In the short term we recognise that our ‘quick wins’ will be our more traditional markets; focusing on repeat visitors, VFR, and those with more time and resources for holidays and short term breaks, such as retired couples, traditional travellers and ‘empty nesters’.

Our recent insights work also highlighted new markets; strong evidence suggested the Isle of Man is desirable to a younger demographic who are looking for new experiences and adventures closer to home in light of COVID-19. We recognise that there are increased barriers to reaching this market and it may take some time, so we intend to investigate this further and identify ways to tackle this. 

The main travel hubs across the UK and Ireland were a focus for our marketing and promotional campaigns, and once things start to return to normal and air and sea routes reinstate, we will pick this up again. We have also seen an increase in the diversity of travel origins over the recent years and our research proves this is still the case, so we will ensure our marketing campaigns focus on these areas of opportunities also. 

Our insights work also highlighted that the Irish market presents a great opportunity for us, however moving forward we need to understand how this can be effectively maximised, which will require work on air and sea routes, and a renewed focus on targeted marketing to this market. 

The Guernsey Airbridge also highlighted a new market for us – something that was very unexpected.
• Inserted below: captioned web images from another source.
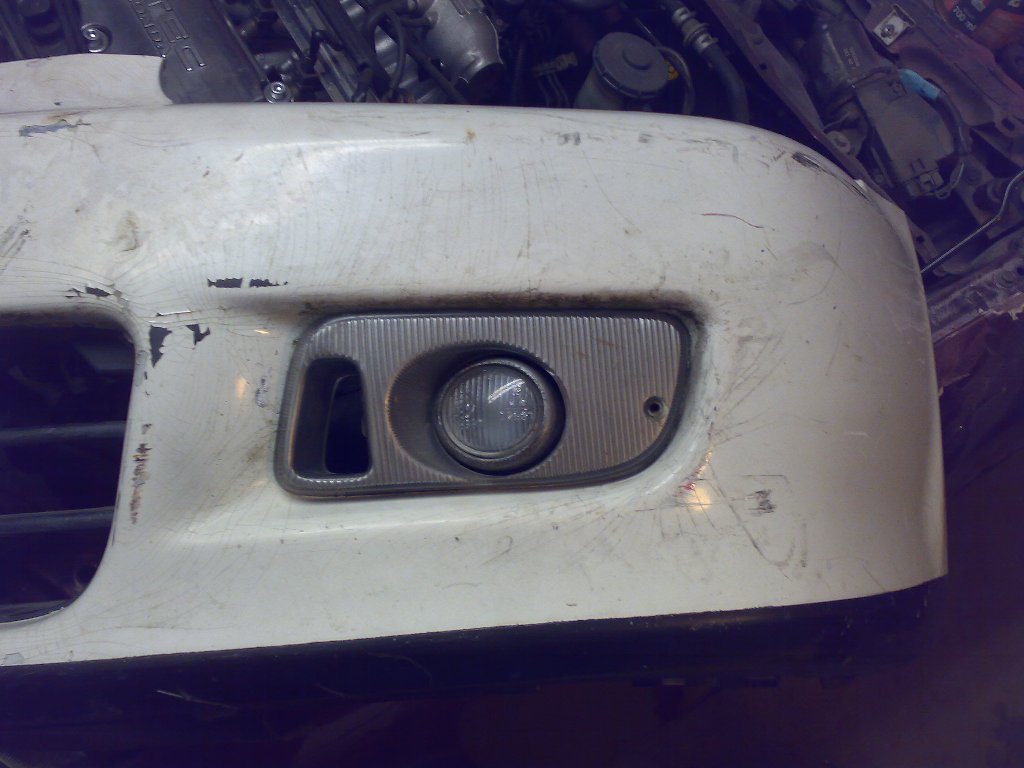 Čerstvě zabudováno do nárazníku (origo honda) :o)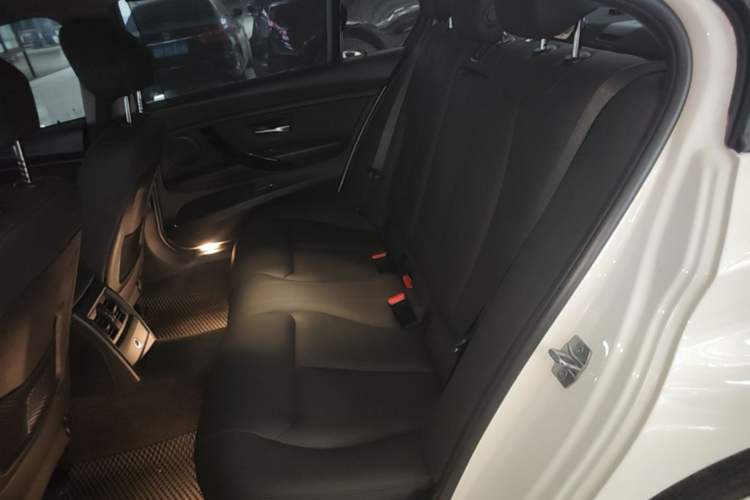Used BMW 3 Series 2017 320Li M Sport Edition Left Rear Seat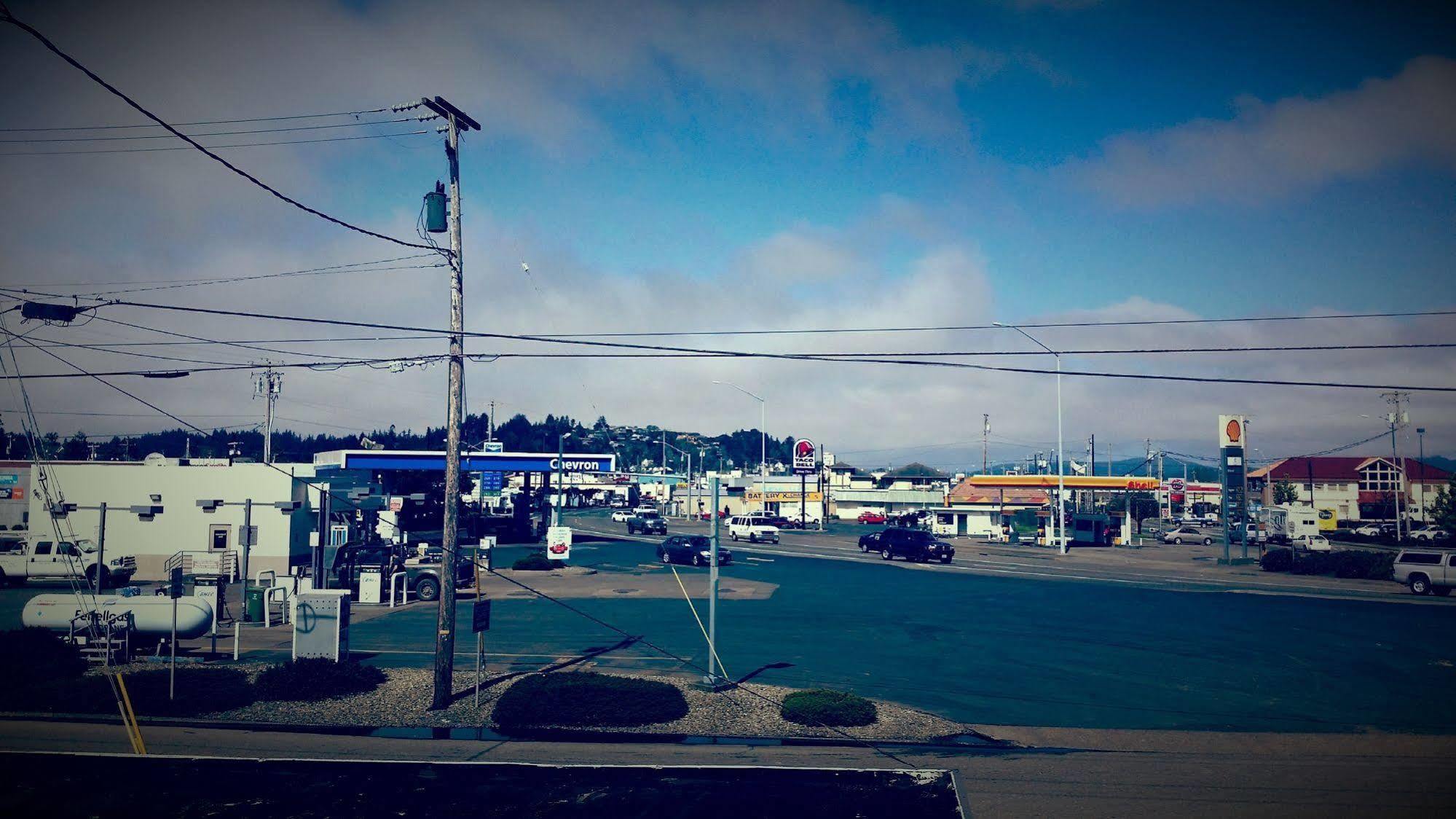 Terrace Motel Coos Bay Exterior photo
The feedback we received from Guernsey visitors was extremely positive, with many rebooking trips throughout the period the bridge was open. This has certainly opened many doors for us in the future (including an extension to the French market), and is something the Agency is very interested in exploring.

The Agency and I are truly optimistic for the Island’s future; although we will be in a more competitive market, I believe because of the extensive research, preparation and planning we have put into our relaunch and revised strategy ‘behind the scenes’, we will be in a very strong position to have our voice heard and to welcome our wonderful visitors back. 

Finally, I’d like to take this opportunity to thank all the businesses and individuals for working through these incredibly challenging times; it has been amazing to see so many adapt their offerings and business models as a result of the pandemic. There are many cases of businesses that have seen increased sales, and I don’t think I’ve seen the autumn and winter events calendars look so full – testament to our businesses’ resilience and ability to innovate, as well as residents who have embraced the ‘buy local’ message to support their local business community.